A expressão preocupada de Silena dissolveu-se como a água da chuva despencando dos céus e misturando-se às águas do oceano, formando uma homogênea linha de alívio. Suas pálpebras fecharam-se momentaneamente em uma profusão de contentamento e realização, satisfeita pelo seu triunfo sobre as palavras. Ao abri-los mais uma vez, por um instante Percy foi capaz de vislumbrar Annabeth, seus olhos e sua feição contrastando-se na suavidade perspicaz de Silena. Seus lábios rosadas afloraram na pintura que Percy contemplava em uma vivaz cúmplice de complacência inocente. Ela escalou seus ombros e pendurou-se em seu pescoço, impondo-lhe uma pressão fraquejada que Percy cedeu, curvando-se para seu corpinho miúdo e enroscando-a em seus braços fortes e acolhedores.

Ele queria poder abrigá-la em seu calor, salvaguardando-a de quaisquer perigos e ameaças o qual o mundo onde viviam poderia acobertá-la, e iria; embora realizasse todo o possível para deixá-la em um amortecedor e protegido caminho, sabia que não deveria prendê-la a ponto de impedir seu desenvolvimento. Um momento, ou outro, ela iria acabar ferindo-se. E com essa ferida, a qual iria cicatrizar-se, ela iria aprender mais um princípio. E Percy estava perseverante em sua decisão de evitar com que isso acontecesse – ou, ao menos, ensiná-la de um modo onde ela iria apenas conservar sua sabedoria, reduzindo a torturante consequência em um fiapo desvanecido pelas correias do vento do passado, sem precisar acabar em uma encruzilhada sem saída, ou volta; ou precisar suportar a agonizante ferida crispada que teria de carregar como fardo em uma longa empreitada sem retorno, onde a inclinação inquire sua desavença entre a cônscia barra de ferro cravada em segurança em um entrave de apoio e orientação. Ele seria seu guia. Ou assim desejava.

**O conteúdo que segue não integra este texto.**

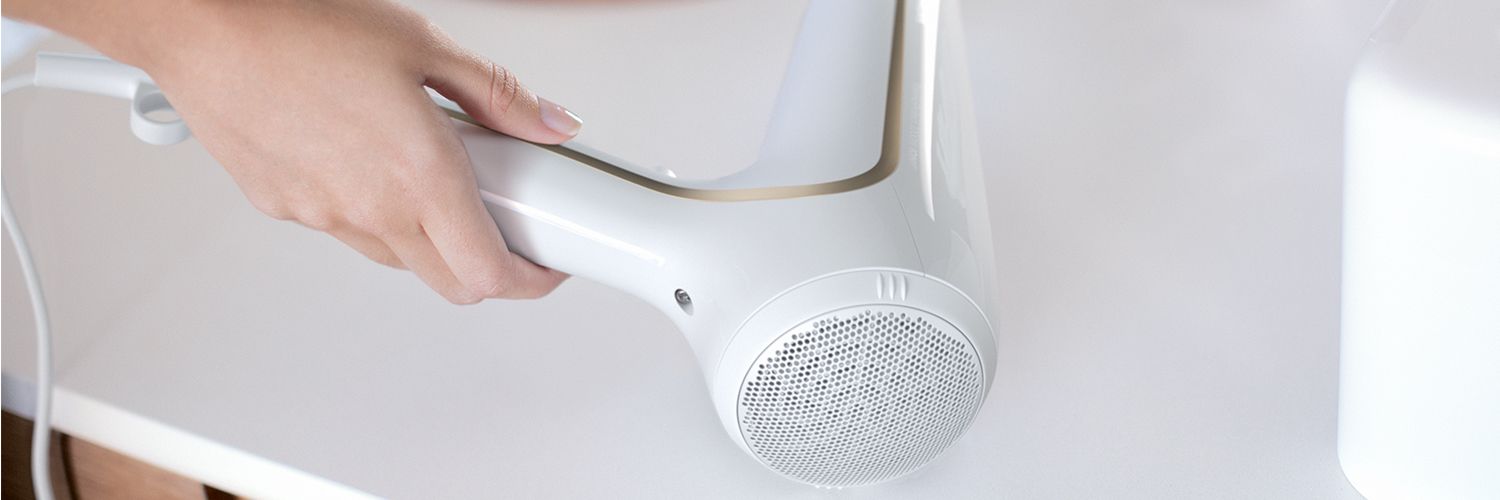 Philips Poznaj suszarkę Philips DryCare Advanced HP8232/00 Philips Poznaj suszarkę Philips DryCare Advanced HP8232/00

Subitamente, seus braços surgiram pesados e exauridos, e uma sensação oca flutuou pelo espaço onde minutos antes sua pequena encontrava-se. Suas pernas cravaram-se, trêmulas, em um solo plano. Permanecia com os punhos latejando quando ele levantou-se em uma abrupta velocidade estonteante, a tonteira cegando suas pálpebras fazendo-o tropeçar ao tentar caminhar um passo à frente. Olhou para baixo, em um relutante vislumbre do nó de seus dedos. Eles pareciam ter sido efervescidos em brasas fulgurantes, com a pele arranhada e rasgada, linhas de sangue escorrendo até sua palma; sentia como se o trecho de seu membro houvesse sido arranhado por um tigre raivoso, e arremessado em uma névoa cáustica a qual derretera seus ossos. Observando seu redor, pôde compreender o que ocorrera. Novamente, estava no hospital; não hospital, de fato, mas um local improvisado do mesmo. Ele apoiava-se na barreira da porta, com os pés inconstantes em sustentá-lo. Tentava amenizar sua respiração irregular e seca, e enternecer seus batimentos cardíacos frenéticos, em estado de espanto e paralisia.

Passos ecoaram para seus ouvidos, e ele voltou-se ao corredor, ofegante e estarrecido. Seu peito rugia de uma ansiedade a qual ultrapassava sua muralha de reclusão. Lembrava-se agora. Haviam-no acabado de arrastar da sala onde Annabeth fazia o parto, ele gritara e berrara seu nome, chamando-a e tentando desvencilhar-se do aperto que os filhos de Apolo faziam nele, empurrando-o e divagando-o para cada vez mais distante de sua sabidinha. Haviam-no retido em um quadrado esbranquiçado de espera, e ele socara a superfície de madeira com pedregosos entalhes até não suportar mais a pungente dor que despertara em seu íntimo, excedendo sua trajetória a ponto de causar-lhe pontiagudas e febris golpes em sua têmpora, e tingindo sua visão com pontos coloridos aleatórios em espaçadas paisagens de sua sanidade. Por fim ele desabara naquele chão e aguardara, com a cabeça repousada na porta, seus olhos ardendo e uma fúria crepitante rugindo em seu âmago, protestando e ameaçando rasgar a membrana de controle o qual ele empunhava. Aparentemente, Apolo providenciara barreiras para separar-lhe de qualquer meio mágico de atravessar as fendas as quais eram oferecidas a ele para impedi-lo de escapar e arremeter-se junto a sua esposa mais uma vez; as janelas, o corredor e as portas fincavam-se altivas em seus postos, como guardiãs onipotentes, resistindo a inúmeras tentativas vãs de derrubá-las. No entanto, ainda encouraçava-se na esperança da valente e inescrupulosa vontade e força de Annie. Ele não podia perdê-la, não podia sequer imaginar nunca mais ver seu sorriso ou ouvir o som harmonioso de sua risada, ou o cintilante cinza de seus olhos minuciosos e espertos reluzir enquanto interpretava as constelações e fitava a lua nos céus.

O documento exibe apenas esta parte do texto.